After more than four months of fighting a defensive campaign, the fugitive Nez Perce reached Cow Island on September 23, 1877. Here, the beleaguered Indians found 50 tons of freight and supplies at the steamboat landing guarded by a detachment of U.S. soldiers. After offering to purchase supplies and being refused, the Nez Perce attacked. There was fierce fighting in the rocks and bluffs as the soldiers dug in and the Indians charged. While the soldiers were pinned down in their rifle pits, the Nez Perce took what they could carry and burned the rest.
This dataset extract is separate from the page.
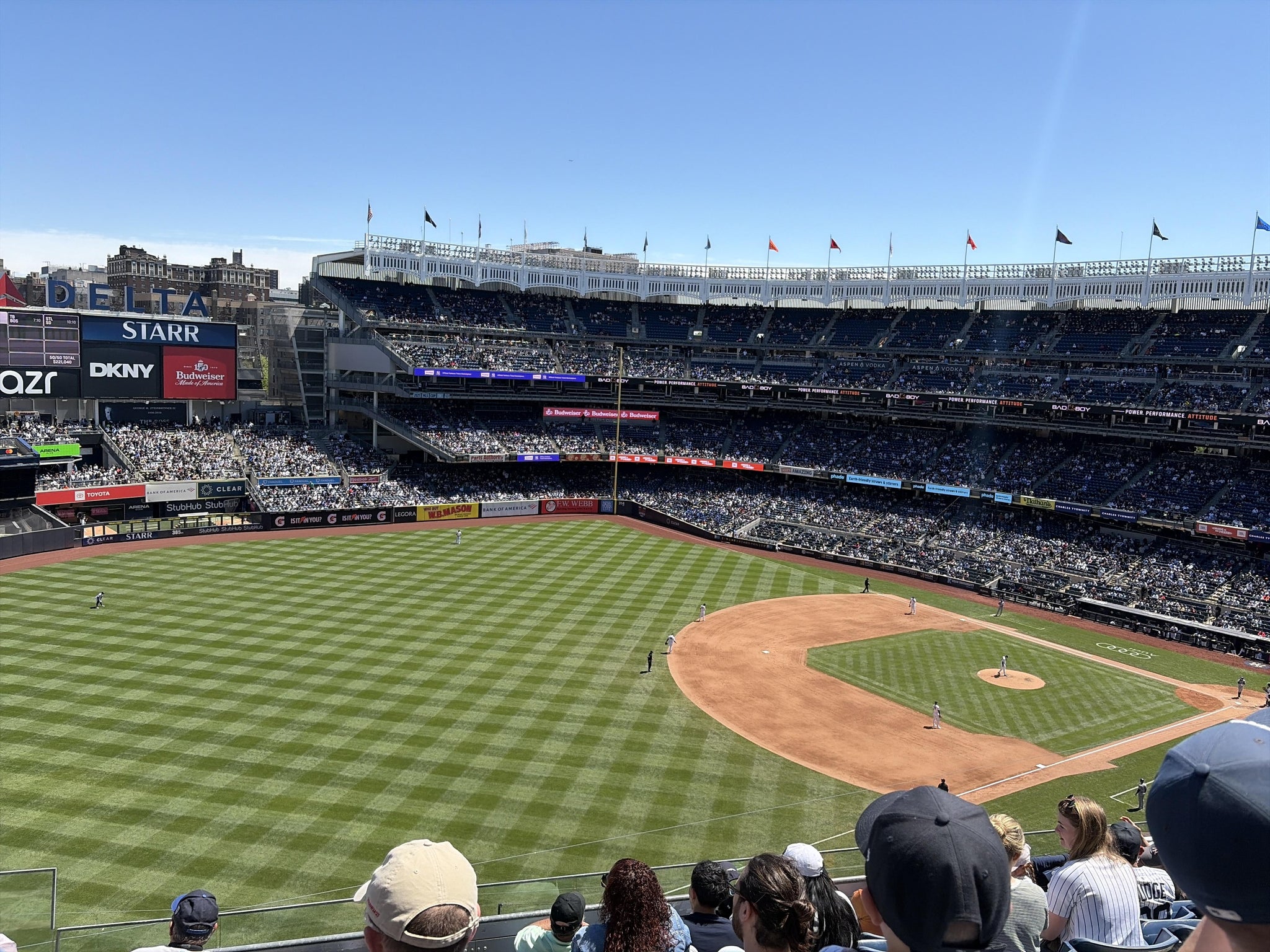 Real Fan View taken from Terrace Level 329 at Yankee Stadium by William H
Just two weeks later, Chief Joseph and most of the Nez Perce (a handful snuck across the border to join Sitting Bull's Sioux in exile) were captured by General Nelson Miles just north of the Bears Paw Mountains, a mere 45 miles from the Canadian border and freedom. On October 5th, 1877, Joseph handed his rifle to Miles and said: "Hear me my chiefs. I am tired; my heart is sick and sad. From where the sun now stands, I will fight no more forever."
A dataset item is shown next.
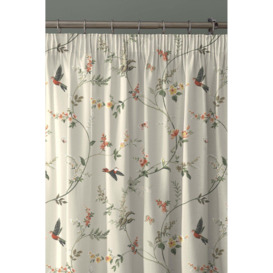 'Darnley' Nature Inspired Print Pair of Pencil Pleat Curtains With Tie-Backs - thumbnail 2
Dan and I walk the battlefield at Cow Island and imagine the Nez Perce coming over the ridge, riding down the coulee and into the river canyon. Across the years we can sense their desperation, and the fear of the blue clad soldiers as the shots rained down upon them from the rocks above. Suddenly, as we walk along, we find deep, symmetrical depressions in the earth. Grown in now but unmistakable, these are the rifle pits where the soldiers survived at least three charges during the night before reinforcements arrived from Fort Benton.

I lie down in a rifle pit and take a prone firing position where a soldier surely positioned himself on that day in 1877. The view over the rim is essentially unchanged, and as I have so many other times on this long and eventful journey, I feel as though I'm in the company of ghosts.